On Monday I received an early Christmas present in the mail: two passes to the Soundwave music festival in Melbourne. Two golden tickets to a day of rocking out in the January sunshine with Public Enemy, the Prodigy, L7 and Frenzal Rhomb, among 23 other confirmed bands. I was stoked.

On Thursday I got another one: the news that the festival had been cancelled, reportedly due to deep financial difficulties, and my $337 tickets were now worthless. I was not so stoked.

And then came the real moshpit kick-to-the-head: no refunds, probably.

Merry bloody Christmas.

Normally when an event gets cancelled for whatever reason, ticket holders can get an automatic refund from the place of purchase. Actually, they're entitled to - it's the law.

In this case however, both Soundwave's ticket agency Eventopia and the festival's promoter AJ Maddah are denying responsibility for refunds, each pointing the finger at the other.

At the heart of the disagreement appears to be a commercial arrangement gone sour between the two parties. In a post on its Facebook page, Eventopia claims it had a "ticketing sales agreement" with Maddah that makes him personally liable for refunds.

In a post on Twitter, Maddah claims Eventopia are "trying to get out of refunding fans and heaping it on (a) broke promoter via dirt tactics".

To music fans who have been dudded hundreds, even thousands of dollars just days out from Christmas - not to mention the many South Aussies who have already shelled out for flights and accommodation - it all just sounds like a lot of pathetic whining.

Call me old fashioned, but I thought taking someone's money in exchange for a service or product and then not ponying up was called "theft".

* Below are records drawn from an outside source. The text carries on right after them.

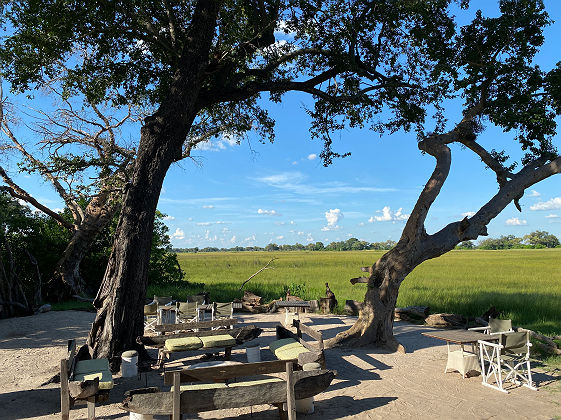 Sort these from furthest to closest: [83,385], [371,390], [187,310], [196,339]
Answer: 1. [187,310]
2. [196,339]
3. [371,390]
4. [83,385]

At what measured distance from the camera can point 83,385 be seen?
15.3 feet

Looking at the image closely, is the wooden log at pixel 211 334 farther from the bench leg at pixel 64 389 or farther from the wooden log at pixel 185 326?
the bench leg at pixel 64 389

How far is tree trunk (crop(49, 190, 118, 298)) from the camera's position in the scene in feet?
55.7

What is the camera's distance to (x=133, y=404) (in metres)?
4.16

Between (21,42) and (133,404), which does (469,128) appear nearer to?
(133,404)

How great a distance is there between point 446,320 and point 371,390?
20.0 ft

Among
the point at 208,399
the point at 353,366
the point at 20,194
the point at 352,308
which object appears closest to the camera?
the point at 208,399

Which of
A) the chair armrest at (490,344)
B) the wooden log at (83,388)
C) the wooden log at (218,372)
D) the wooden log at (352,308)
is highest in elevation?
the wooden log at (218,372)

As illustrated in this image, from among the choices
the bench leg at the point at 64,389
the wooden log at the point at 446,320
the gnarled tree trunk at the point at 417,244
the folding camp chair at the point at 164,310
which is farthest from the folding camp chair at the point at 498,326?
the folding camp chair at the point at 164,310

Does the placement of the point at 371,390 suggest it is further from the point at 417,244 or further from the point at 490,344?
the point at 417,244

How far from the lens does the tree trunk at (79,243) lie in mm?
16984

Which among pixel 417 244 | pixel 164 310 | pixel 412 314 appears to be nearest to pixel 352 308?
pixel 412 314

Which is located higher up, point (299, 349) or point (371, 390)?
point (299, 349)

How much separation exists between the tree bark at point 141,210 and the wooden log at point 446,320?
25.2 feet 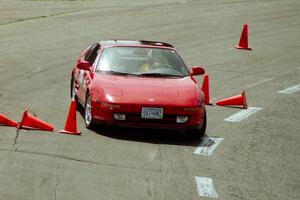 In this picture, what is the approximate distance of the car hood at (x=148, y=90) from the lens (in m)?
12.9

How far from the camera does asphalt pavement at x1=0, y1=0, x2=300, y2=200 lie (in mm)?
9773

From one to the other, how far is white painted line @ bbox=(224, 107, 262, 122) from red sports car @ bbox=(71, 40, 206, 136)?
132 centimetres

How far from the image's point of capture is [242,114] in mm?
15836

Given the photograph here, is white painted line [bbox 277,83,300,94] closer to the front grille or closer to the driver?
the driver

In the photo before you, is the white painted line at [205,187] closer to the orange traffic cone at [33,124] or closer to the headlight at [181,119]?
the headlight at [181,119]

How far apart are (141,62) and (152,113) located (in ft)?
5.70

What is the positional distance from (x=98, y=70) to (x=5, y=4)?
77.9 feet

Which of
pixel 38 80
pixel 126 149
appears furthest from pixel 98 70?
pixel 38 80

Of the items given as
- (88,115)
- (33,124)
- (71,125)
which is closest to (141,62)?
(88,115)

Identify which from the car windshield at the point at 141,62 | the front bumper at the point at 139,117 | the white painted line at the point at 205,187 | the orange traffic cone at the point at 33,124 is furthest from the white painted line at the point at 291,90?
the white painted line at the point at 205,187

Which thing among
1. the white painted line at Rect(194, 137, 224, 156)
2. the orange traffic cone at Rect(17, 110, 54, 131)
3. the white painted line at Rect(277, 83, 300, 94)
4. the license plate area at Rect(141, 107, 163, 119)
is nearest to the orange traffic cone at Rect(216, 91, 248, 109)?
the white painted line at Rect(277, 83, 300, 94)

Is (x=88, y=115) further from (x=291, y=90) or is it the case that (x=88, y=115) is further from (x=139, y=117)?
(x=291, y=90)

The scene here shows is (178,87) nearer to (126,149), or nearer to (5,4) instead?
(126,149)

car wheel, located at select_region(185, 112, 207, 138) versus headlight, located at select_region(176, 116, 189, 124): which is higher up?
headlight, located at select_region(176, 116, 189, 124)
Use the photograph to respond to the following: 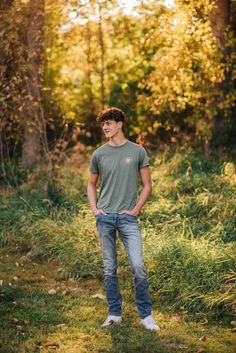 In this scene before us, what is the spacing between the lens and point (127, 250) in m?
5.78

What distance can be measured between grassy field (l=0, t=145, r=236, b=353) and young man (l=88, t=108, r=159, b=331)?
48 cm

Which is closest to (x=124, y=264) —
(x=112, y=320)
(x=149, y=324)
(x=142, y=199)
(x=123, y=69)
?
(x=112, y=320)

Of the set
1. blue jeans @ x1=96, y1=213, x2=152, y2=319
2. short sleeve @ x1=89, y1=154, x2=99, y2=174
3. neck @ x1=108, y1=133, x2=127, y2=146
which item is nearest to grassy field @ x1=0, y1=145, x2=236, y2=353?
blue jeans @ x1=96, y1=213, x2=152, y2=319

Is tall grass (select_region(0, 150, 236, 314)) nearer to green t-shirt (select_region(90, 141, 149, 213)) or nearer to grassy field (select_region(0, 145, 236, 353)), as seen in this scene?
grassy field (select_region(0, 145, 236, 353))

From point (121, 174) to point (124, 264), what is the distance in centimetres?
235

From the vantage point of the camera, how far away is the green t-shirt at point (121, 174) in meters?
5.72

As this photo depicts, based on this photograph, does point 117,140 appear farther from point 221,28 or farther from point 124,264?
point 221,28

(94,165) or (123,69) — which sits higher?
(94,165)

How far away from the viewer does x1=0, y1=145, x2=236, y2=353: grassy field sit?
5.70m

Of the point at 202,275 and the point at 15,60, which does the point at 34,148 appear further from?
the point at 202,275

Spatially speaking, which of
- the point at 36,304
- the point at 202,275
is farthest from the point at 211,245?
the point at 36,304

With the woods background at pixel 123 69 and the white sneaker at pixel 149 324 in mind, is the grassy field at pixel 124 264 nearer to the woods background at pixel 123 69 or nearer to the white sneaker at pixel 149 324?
the white sneaker at pixel 149 324

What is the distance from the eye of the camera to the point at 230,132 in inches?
492

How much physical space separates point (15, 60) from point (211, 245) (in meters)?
5.69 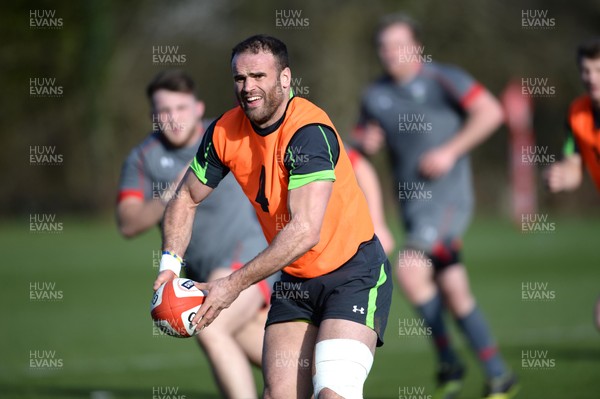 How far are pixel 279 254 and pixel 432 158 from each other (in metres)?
3.84

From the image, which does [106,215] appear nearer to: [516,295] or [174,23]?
[174,23]

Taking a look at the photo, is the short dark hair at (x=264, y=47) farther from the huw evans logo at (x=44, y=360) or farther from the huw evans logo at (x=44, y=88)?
the huw evans logo at (x=44, y=88)

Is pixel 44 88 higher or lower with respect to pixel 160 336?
higher

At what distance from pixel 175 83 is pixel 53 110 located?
1220 inches

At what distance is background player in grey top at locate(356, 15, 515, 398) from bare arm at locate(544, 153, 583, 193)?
1.20m

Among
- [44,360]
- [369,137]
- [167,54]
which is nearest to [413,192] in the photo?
[369,137]

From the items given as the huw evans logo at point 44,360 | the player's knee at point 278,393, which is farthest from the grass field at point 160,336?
the player's knee at point 278,393

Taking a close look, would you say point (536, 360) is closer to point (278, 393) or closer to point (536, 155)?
point (278, 393)

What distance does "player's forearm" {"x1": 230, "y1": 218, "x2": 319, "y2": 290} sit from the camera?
4.35 meters

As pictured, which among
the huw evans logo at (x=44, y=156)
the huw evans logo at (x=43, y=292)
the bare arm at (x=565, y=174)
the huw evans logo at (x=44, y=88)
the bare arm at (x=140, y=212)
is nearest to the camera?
the bare arm at (x=140, y=212)

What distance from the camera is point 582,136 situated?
6727mm

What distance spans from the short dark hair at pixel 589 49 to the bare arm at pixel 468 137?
5.23 feet

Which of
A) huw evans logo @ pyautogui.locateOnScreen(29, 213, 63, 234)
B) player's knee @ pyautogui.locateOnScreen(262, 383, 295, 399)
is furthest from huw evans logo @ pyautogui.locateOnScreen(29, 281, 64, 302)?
huw evans logo @ pyautogui.locateOnScreen(29, 213, 63, 234)

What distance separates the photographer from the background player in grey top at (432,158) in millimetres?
7945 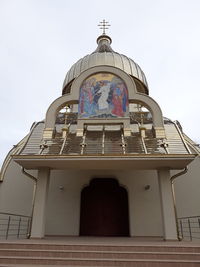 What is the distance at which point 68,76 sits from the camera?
639 inches

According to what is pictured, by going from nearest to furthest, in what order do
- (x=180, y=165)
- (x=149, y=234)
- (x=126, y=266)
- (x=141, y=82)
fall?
(x=126, y=266) < (x=180, y=165) < (x=149, y=234) < (x=141, y=82)

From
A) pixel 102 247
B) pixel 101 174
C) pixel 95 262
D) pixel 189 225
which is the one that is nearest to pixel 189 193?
pixel 189 225

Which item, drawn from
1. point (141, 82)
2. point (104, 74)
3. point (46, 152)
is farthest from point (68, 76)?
point (46, 152)

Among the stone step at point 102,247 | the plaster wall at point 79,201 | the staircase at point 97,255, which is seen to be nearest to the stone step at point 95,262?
the staircase at point 97,255

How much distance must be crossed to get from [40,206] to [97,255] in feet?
7.94

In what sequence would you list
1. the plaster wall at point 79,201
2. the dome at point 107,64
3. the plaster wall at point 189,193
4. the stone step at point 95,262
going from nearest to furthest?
the stone step at point 95,262 → the plaster wall at point 79,201 → the plaster wall at point 189,193 → the dome at point 107,64

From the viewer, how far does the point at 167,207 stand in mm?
6027

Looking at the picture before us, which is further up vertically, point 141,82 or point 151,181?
point 141,82

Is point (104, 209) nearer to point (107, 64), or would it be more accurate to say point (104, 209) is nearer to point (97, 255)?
point (97, 255)

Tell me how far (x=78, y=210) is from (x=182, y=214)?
385 centimetres

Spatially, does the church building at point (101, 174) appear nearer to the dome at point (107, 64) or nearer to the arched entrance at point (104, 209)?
the arched entrance at point (104, 209)

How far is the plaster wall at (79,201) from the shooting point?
7.78 m

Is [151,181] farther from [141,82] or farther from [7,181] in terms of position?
[141,82]

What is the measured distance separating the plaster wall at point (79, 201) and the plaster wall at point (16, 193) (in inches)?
39.4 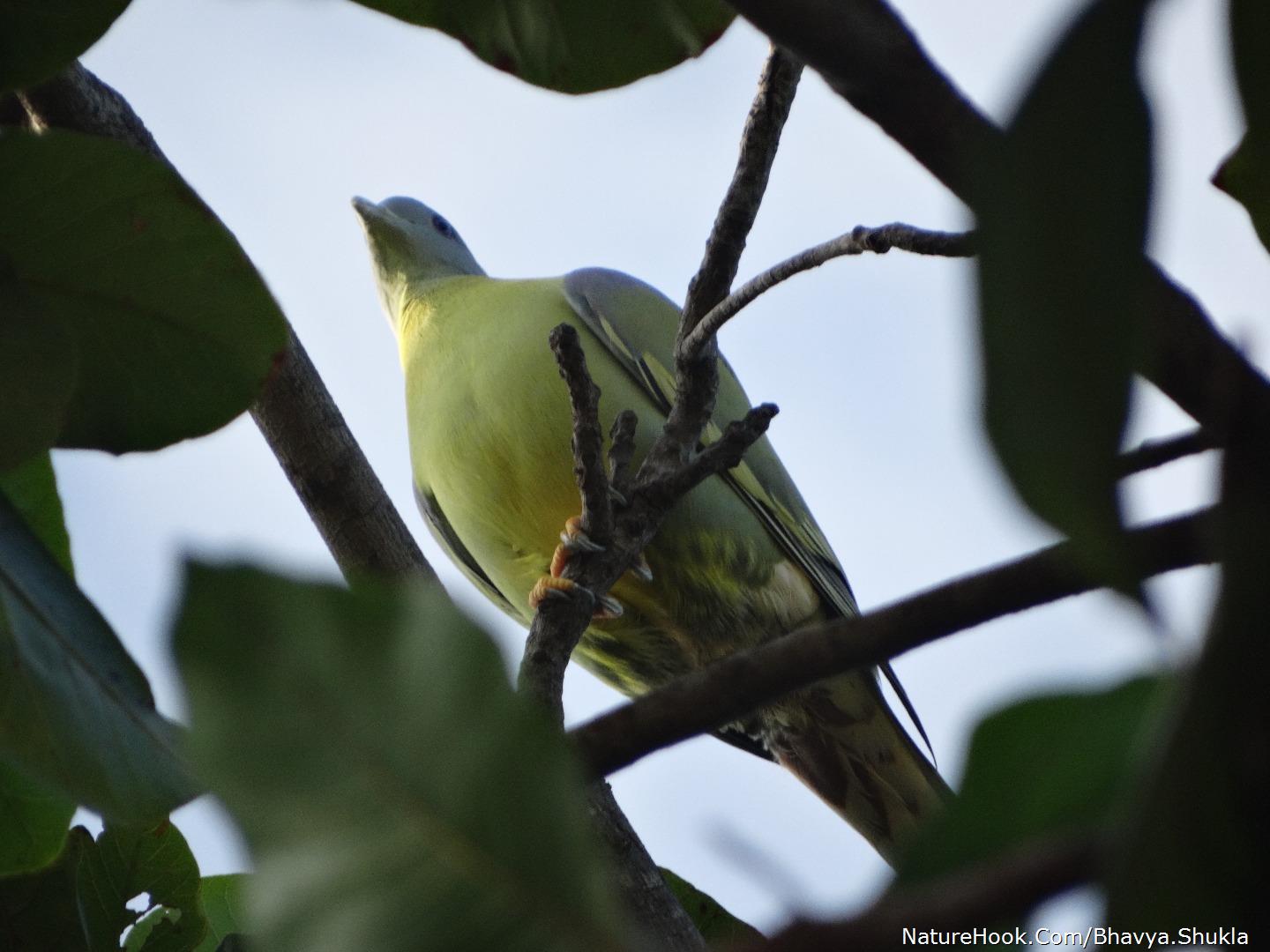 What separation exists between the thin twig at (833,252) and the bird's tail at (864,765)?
1.82 metres

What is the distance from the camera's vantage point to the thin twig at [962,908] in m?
0.37

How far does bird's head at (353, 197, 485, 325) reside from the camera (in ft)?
14.1

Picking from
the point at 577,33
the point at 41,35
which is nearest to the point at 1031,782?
the point at 41,35

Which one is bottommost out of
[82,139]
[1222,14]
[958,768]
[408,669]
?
[958,768]

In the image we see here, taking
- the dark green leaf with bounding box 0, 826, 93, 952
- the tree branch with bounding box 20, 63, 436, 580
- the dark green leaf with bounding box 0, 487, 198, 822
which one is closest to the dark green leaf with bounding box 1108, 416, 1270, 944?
the dark green leaf with bounding box 0, 487, 198, 822

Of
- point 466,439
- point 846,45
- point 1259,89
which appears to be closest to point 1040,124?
point 846,45

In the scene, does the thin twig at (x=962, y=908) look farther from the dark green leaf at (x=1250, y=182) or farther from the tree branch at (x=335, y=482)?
the tree branch at (x=335, y=482)

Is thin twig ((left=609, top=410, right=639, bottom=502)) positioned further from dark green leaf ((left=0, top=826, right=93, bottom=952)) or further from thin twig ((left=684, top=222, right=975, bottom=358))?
dark green leaf ((left=0, top=826, right=93, bottom=952))

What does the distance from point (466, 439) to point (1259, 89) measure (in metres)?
2.61

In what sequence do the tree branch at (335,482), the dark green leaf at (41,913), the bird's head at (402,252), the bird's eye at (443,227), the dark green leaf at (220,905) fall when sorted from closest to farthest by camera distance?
the dark green leaf at (41,913), the dark green leaf at (220,905), the tree branch at (335,482), the bird's head at (402,252), the bird's eye at (443,227)

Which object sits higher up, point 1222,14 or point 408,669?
point 1222,14

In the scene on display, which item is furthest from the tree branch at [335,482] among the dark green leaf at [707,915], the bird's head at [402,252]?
the bird's head at [402,252]

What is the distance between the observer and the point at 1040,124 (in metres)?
0.41

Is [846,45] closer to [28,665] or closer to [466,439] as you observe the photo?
[28,665] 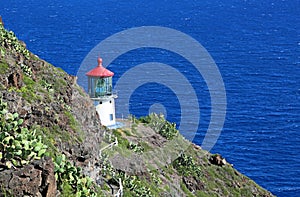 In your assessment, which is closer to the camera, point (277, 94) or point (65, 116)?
point (65, 116)

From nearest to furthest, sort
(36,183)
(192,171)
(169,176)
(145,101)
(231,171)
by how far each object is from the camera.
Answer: (36,183) → (169,176) → (192,171) → (231,171) → (145,101)

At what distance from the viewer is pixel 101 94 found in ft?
173

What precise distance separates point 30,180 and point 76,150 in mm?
11328

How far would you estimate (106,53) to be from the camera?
14825 cm

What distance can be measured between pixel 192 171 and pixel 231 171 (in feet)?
19.6

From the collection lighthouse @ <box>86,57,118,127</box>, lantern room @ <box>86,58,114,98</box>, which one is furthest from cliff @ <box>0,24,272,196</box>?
lantern room @ <box>86,58,114,98</box>

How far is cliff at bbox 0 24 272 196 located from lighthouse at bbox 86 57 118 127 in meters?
1.77

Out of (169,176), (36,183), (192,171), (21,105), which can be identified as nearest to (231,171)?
(192,171)

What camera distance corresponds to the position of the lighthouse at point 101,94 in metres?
52.2

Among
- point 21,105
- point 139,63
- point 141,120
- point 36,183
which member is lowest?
point 36,183

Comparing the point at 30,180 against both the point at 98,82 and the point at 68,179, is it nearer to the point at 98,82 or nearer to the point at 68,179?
the point at 68,179

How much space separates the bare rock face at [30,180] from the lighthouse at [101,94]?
109 feet

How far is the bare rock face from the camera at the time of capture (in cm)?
1795

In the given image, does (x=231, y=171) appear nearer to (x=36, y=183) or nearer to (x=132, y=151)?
(x=132, y=151) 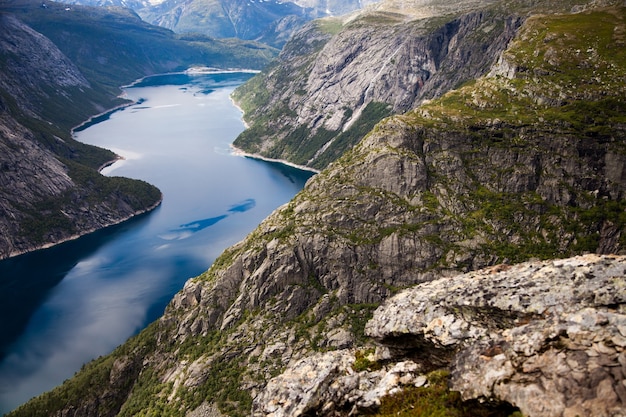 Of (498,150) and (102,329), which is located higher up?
(498,150)

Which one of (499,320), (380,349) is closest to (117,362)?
(380,349)

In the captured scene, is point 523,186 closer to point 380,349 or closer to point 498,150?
point 498,150

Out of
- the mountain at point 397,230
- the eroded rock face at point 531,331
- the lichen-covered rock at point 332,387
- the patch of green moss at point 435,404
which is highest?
the eroded rock face at point 531,331

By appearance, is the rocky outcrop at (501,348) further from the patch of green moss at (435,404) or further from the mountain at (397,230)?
the mountain at (397,230)

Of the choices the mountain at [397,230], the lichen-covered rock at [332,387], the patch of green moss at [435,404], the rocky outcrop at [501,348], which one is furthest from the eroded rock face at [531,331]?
the mountain at [397,230]

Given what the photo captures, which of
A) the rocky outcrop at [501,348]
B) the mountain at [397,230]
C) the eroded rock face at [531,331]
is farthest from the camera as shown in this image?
the mountain at [397,230]

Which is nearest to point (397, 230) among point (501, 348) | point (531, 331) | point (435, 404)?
point (435, 404) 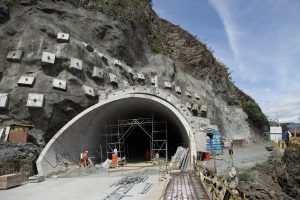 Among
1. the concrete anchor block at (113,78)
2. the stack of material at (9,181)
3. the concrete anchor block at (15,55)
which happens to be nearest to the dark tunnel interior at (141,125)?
the concrete anchor block at (113,78)

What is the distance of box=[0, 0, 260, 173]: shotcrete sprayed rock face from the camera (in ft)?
73.3

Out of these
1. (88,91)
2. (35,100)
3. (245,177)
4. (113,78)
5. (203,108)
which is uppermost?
(113,78)

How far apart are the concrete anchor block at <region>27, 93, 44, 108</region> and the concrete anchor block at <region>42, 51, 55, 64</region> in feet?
9.73

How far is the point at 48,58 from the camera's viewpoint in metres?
24.5

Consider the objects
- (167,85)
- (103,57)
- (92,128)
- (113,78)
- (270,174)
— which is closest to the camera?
(270,174)

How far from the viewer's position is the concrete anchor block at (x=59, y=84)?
78.7ft

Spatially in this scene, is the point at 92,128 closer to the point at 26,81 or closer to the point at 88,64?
the point at 26,81

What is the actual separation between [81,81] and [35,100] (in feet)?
14.5

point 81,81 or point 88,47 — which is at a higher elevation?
point 88,47

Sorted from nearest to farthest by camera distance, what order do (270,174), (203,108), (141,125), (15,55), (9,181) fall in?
1. (9,181)
2. (270,174)
3. (15,55)
4. (141,125)
5. (203,108)

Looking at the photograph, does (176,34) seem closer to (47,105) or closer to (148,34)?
(148,34)

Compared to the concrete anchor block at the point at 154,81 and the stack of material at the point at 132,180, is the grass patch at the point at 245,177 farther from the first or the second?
the concrete anchor block at the point at 154,81

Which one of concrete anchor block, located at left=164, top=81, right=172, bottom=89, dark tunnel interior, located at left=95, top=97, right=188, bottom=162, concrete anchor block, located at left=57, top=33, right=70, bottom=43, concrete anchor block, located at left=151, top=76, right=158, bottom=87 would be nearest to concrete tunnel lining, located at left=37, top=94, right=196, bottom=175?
dark tunnel interior, located at left=95, top=97, right=188, bottom=162

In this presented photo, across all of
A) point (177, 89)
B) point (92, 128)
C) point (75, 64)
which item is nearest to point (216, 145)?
point (177, 89) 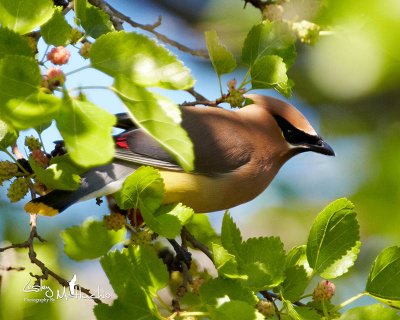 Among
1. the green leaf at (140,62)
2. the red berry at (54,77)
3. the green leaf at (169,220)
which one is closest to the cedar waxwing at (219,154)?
the green leaf at (169,220)

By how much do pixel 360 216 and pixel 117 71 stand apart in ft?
10.0

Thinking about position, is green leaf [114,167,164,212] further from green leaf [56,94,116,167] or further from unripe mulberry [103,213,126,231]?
green leaf [56,94,116,167]

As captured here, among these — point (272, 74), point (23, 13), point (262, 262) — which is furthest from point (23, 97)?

The way I see it, Eventopia took my money, so Eventopia are the ones who have to refund me, regardless of whatever agreement they had with Soundwave.

If I order a loaf of bread from the bakery and they fail to deliver it because of a problem with their flour supplier, I shouldn't have to email the flour mill to get my money back.

Not that Soundwave should be totally off the hook here; in the 48 hours since the festival's cancellation much news has come to light about its troubled financial situation over the past few years.

It had long been one of the biggest events on the Australian music calendar, but according to news reports out Thursday night Soundwave had been in financial trouble for some time, with claims it owed up to $2.1 million each to various bands from the 2015 line-up including Soundgarden, Smashing Pumpkins, Marilyn Manson and Slipknot.

Of all the bands to owe money to you'd think you'd want to steer clear of the ones in spiked horror masks who write lyrics like "I will rip you apart, I'll reach in and take a bite out of that s**t you call a heart", but perhaps that's reflective of just how desperate things were.

Meanwhile, all of this information is hardly helpful to punters like me who bought their tickets in the last few months as Christmas presents.

I mean, thanks to the journalists who finally dug up all those financial documents but to quote Adam Sandler in "The Wedding Singer": this is information that could have been brought to my attention YESTERDAY. Or last month, when I bought tickets to an event that was apparently never going to happen.

Soundwave is the latest in a recent conga line of Aussie music festivals to kick the bucket, including the Big Day Out and Future Music. Others such as Stereosonic have been plagued with drug and safety issues. Clearly the organisers of these national events need to get their acts together on many fronts.

To borrow a line from Public Enemy, a band I had really hoped to see in five weeks' time: I guess I shouldn't have believed the hype.